**Assignment:** What you return should be the line containing "Vad gör du om" and each line after it to the end of the records, copied exactly.

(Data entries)

──────────────────────────────

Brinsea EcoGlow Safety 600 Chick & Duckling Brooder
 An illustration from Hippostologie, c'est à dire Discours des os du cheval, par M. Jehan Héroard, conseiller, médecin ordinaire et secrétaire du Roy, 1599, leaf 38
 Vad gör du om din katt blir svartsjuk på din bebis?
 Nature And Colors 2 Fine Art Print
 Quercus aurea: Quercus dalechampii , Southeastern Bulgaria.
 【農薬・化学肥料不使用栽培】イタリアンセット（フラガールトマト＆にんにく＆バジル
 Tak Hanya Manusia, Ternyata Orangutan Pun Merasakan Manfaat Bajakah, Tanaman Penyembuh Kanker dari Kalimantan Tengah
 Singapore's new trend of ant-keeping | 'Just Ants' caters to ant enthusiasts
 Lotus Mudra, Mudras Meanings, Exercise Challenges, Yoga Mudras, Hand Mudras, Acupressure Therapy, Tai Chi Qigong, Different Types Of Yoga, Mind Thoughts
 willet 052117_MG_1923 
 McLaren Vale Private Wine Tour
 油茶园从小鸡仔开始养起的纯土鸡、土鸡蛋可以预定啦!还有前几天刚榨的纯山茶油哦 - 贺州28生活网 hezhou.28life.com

──────────────────────────────

**Task response:**
 Vad gör du om din katt blir svartsjuk på din bebis?
 Nature And Colors 2 Fine Art Print
 Quercus aurea: Quercus dalechampii , Southeastern Bulgaria.
 【農薬・化学肥料不使用栽培】イタリアンセット（フラガールトマト＆にんにく＆バジル
 Tak Hanya Manusia, Ternyata Orangutan Pun Merasakan Manfaat Bajakah, Tanaman Penyembuh Kanker dari Kalimantan Tengah
 Singapore's new trend of ant-keeping | 'Just Ants' caters to ant enthusiasts
 Lotus Mudra, Mudras Meanings, Exercise Challenges, Yoga Mudras, Hand Mudras, Acupressure Therapy, Tai Chi Qigong, Different Types Of Yoga, Mind Thoughts
 willet 052117_MG_1923 
 McLaren Vale Private Wine Tour
 油茶园从小鸡仔开始养起的纯土鸡、土鸡蛋可以预定啦!还有前几天刚榨的纯山茶油哦 - 贺州28生活网 hezhou.28life.com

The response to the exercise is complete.